(Dataset records)

++++++++++

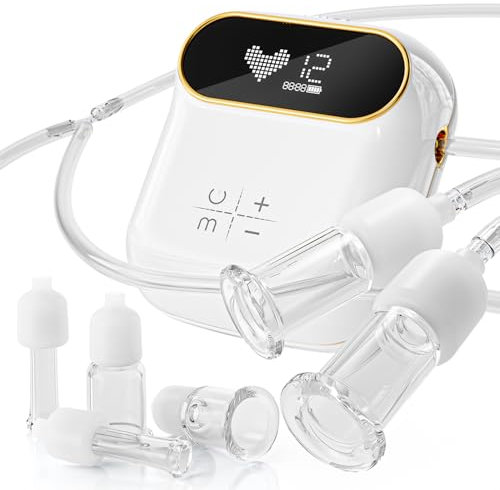 6-teiliges Elektrisches Schröpfen-Set fürs Gesicht aus Glas, 3-in-1 Gua Sha Gesichtsmassage-Werkzeuge für Augen und Nacken, 3 Größen Vakuum-Saugbecher zur Reduzierung von Cellulite und Schwellungen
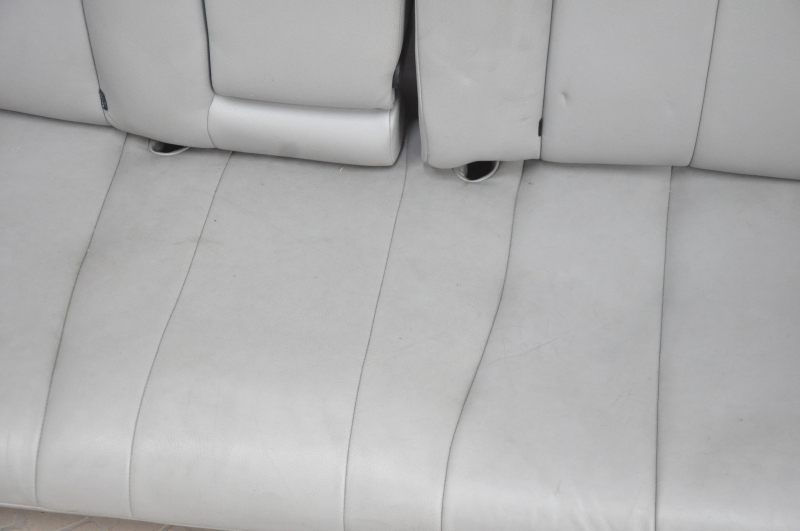 Rear row of seats 2nd row Toyota Camry v40 07-09 leather, gray, scratches on leather, for cleaning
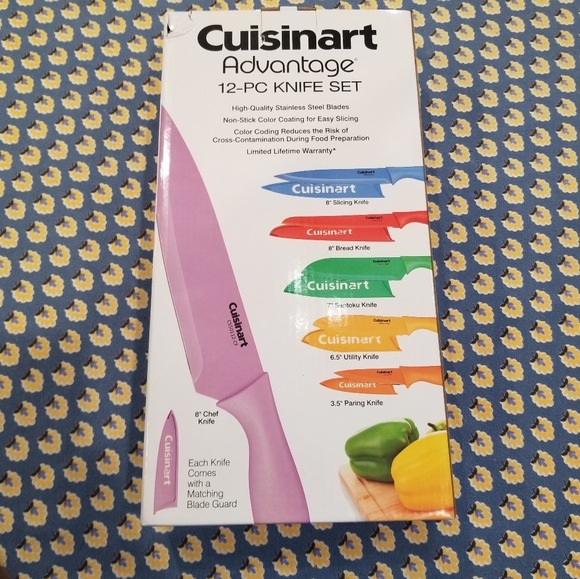Cuisinart Other - Cuisinart Advantage 12-Piece Color-Coded Professional Stainless Steel Kn…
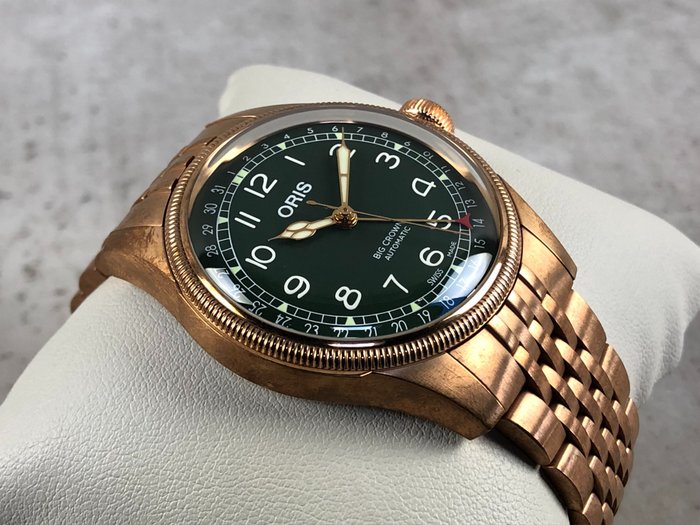 Oris - Big Crown Bronze Pointer Date Automatic - 01 754 7741 3167-07 8 20 01 - Mænd - 2011-nu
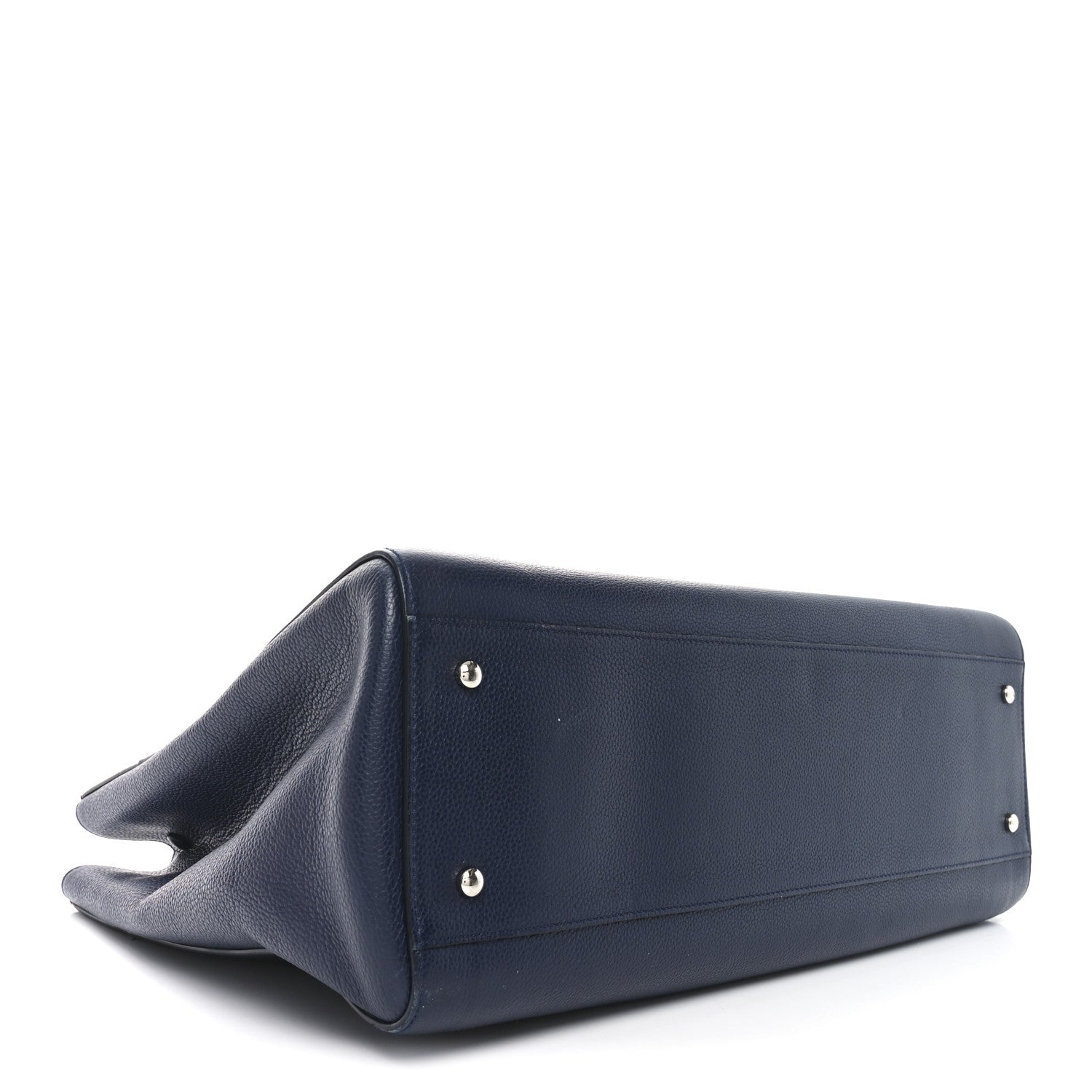 Chanel Grained Calfskin Large Neo Executive Shopper Tote Dark Blue 4 of 10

++++++++++

— Task requirements —
Quote only what lies between the first line of the records and the line containing "Oris - Big Crown", please, including both lines and excluding images.

— Answer to this problem —
 6-teiliges Elektrisches Schröpfen-Set fürs Gesicht aus Glas, 3-in-1 Gua Sha Gesichtsmassage-Werkzeuge für Augen und Nacken, 3 Größen Vakuum-Saugbecher zur Reduzierung von Cellulite und Schwellungen
 Rear row of seats 2nd row Toyota Camry v40 07-09 leather, gray, scratches on leather, for cleaning
Cuisinart Other - Cuisinart Advantage 12-Piece Color-Coded Professional Stainless Steel Kn…
 Oris - Big Crown Bronze Pointer Date Automatic - 01 754 7741 3167-07 8 20 01 - Mænd - 2011-nu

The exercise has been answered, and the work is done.